Some of these are simply Republicans preying on our most innate, primal, uncontrollable fears. And when they're not, Republicans will just as simply nurture fear out of nothing. With the upcoming elections, we know the GOP will be stoking these fears hard and high. Like Roosevelt, we must remember that it is not fear we should be worried about, but action taken and justified by such fear.
Many of these things are certainly problems worth addressing and tackling, much in the way Roosevelt did: seriously, thoughtfully, and wholeheartedly. However, our responses to these problems our country face should never be driven by fear. I think above all else, this is the predominant message we should take away from Roosevelt's Inaugural Address, itself full of inspiration and wisdom.
While Roosevelt's proposals were not perfect - when are they ever - and the economic problems we face today may not require such extreme measures as the New Deal, they did address many of the problems facing the country then... and some of the same ones we are still facing today.

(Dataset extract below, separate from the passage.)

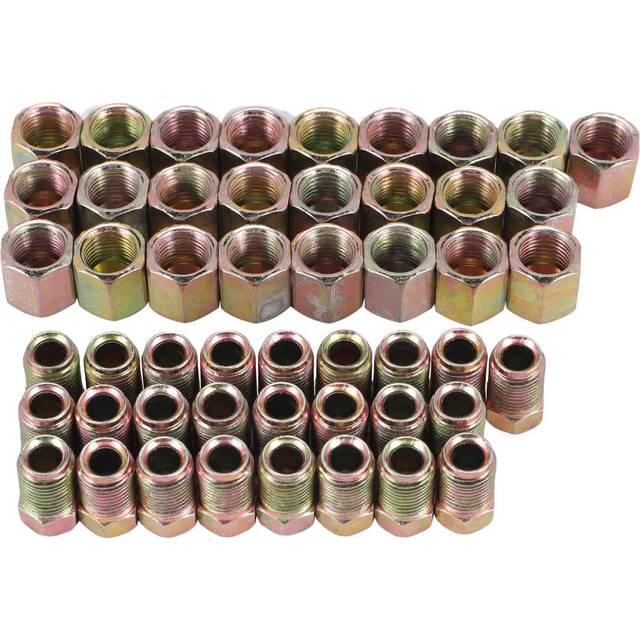 50Pcs Male / Female End Brake Pipe Screw Nuts M10 x 1mm 3/16Inch OD Copper Brake Tubes Line Pipe Fittings Metric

While the New Deal did much to lessen the worst affects of the Great Depression, its measures were not sweeping enough to restore the nation to full employment. Critics of FDR's policies, on both the right and the left, use this fact as a reason to condemn it. Conservatives argue, for example, that it went too far, and brought too much government intervention in the economy, while those on the left argue that it did not go far enough, and that in order to be truly effective, the Roosevelt Administration should have engaged in a far more comprehensive program of direct federal aid to the poor and unemployed. But the New Deal's greatest achievements transcend mere economic statistics, for in a world where democracy was under siege, and the exponents of fascism and communism flourished, the New Deal offered hope and restored the faith of the American people in their representative institutions. It also transformed the federal government into an active instrument of social justice and established a network of laws and institutions designed to protect the American economy from the worst excesses of liberal capitalism.
Looking back at Roosevelt's Inaugural Addres, when we have evidence of these words from a proven leader who could tell us these things with such confidence, one wonders how the GOP of today can seriously consider themselves worthy of being called our America's leaders. They draw their power, not by standing with and guiding Americans, but almost unilaterally preying on fearing these things.
Oh, and gay marriage. For some reason, fear some gay.